Upon impact,
Rubin punched the ball out of Pryor's grasp with his left fist, setting off a
wild scramble that called to mind a mob of children chasing a greased pig at
the county fair. The ball was touched by half a dozen players before it was
covered by the Nittany Lions' rising star outside linebacker, Navorro Bowman,
at the Buckeyes' 38.
That turnover,
the game's first, set up Penn State's winning touchdown, scored seven plays
later by backup quarterback Pat Devlin on a one-yard sneak. Devlin, a
sophomore, was in the game because Clark had sustained a mild concussion while
fighting for extra yards on a run late in the third quarter.
A product of
Ursuline High in Youngstown, Ohio, Clark had intended to remind Buckeyes fans
that not all of the state's best players end up in Columbus. But the maestro of
the Spread HD, which had produced 45.4 points per game before Saturday,
found the going much harder in the Horseshoe. The Nittany Lions' offense had to
grind for every one of its 281 total yards--201 below its average. "Not too
pretty!" shouted Penn State senior center A.Q. Shipley, throwing his arm
around receiver Deon Butler after the game. "Win's a win, baby!" Butler
hollered back.
Before his early
exit, Clark threw for all of 121 yards; senior wideouts Butler, Jordan Norwood
and Derrick Williams combined for only 28 receiving yards. On this night it was
Penn State's no-name defense that supplied the heroes. In addition to Rubin,
who added 11 tackles to his Strip Heard 'Round the College Football World,
there was Bowman, a sophomore who had 10 tackles, his fifth double-digit
total of the season. Fellow sophomore Aaron Maybin, a defensive end, nailed
down his 11th sack of the season when he dropped Pryor for a nine-yard loss
near the end of the first half.
Finally, it was
senior cornerback Lydell Sargeant's last-minute, end-zone interception that
ensured Penn State's first win in the 'Shoe since the Carter
administration.
There are 33 milk
shakes on the menu at the Eat'n Park diner in Jeannette, Pa., where Pryor
played high school football. Every time Bradley made the 122-mile journey from
State College to Jeannette while recruiting Pryor, he would drop in and order a
shake. "Sometimes," he says, "I'd get one on the way home too."

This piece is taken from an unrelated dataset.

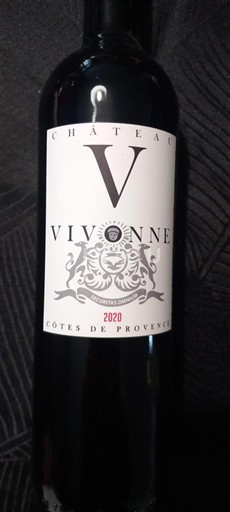 Provence Côtes-de-Provence Château Vivonne 2020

The shakes are listed in alphabetical order. By the time Pryor committed to the
Buckeyes, says Bradley, "I was up to strawberry banana."
Though Pryor
ultimately dubbed State College too "country" for his taste, the
quarterback and the coordinator remain friendly. Sitting in his office four
days before the game, Bradley could only shake his head at a Pryor highlight
from the previous week: the freshman stiff-arming a Michigan State cornerback
on an 11-yard run for a first down. "He doesn't run like a guy who's 6'
6", 235," said Bradley, "but he is."
Determined to
prevent Pryor from attacking the corner, where he's most dangerous, Bradley
gave his defenders specific instructions. They were told to "stay home"
and keep Pryor inside their "upfield shoulder" even if it took some of
the teeth out of Penn State's pass rush. "We were nervous about going after
him," Bradley acknowledges. "He's such a great scrambler. We wanted him
to have to throw the ball."
And so Pryor did,
completing 16 of his 25 passes (the most he's thrown in his six starts)
for 226 yards. The success of Bradley's plan could be measured in Pryor's
rushing numbers--nine carries for six yards--and in that fateful fumble.
The reversal of
fortune deflated Pryor, even as it awakened the Nittany Lions' dormant running
attack. Sophomore tailback Evan Royster picked up 43 of his game-high
77 yards on nine fourth-quarter carries. As Royster tore off 10- and
nine-yard chunks of real estate on successive plays, Pryor's
scarlet-skullcapped head dropped lower and lower on the bench. When Pryor
finally got back on the field with 67 seconds to play and no timeouts, he
drove the Buckeyes 37 yards. With a half minute to play, he rolled right
and let go a desperation heave that guaranteed that Ohio State will not return
to the BCS title game for a third straight year.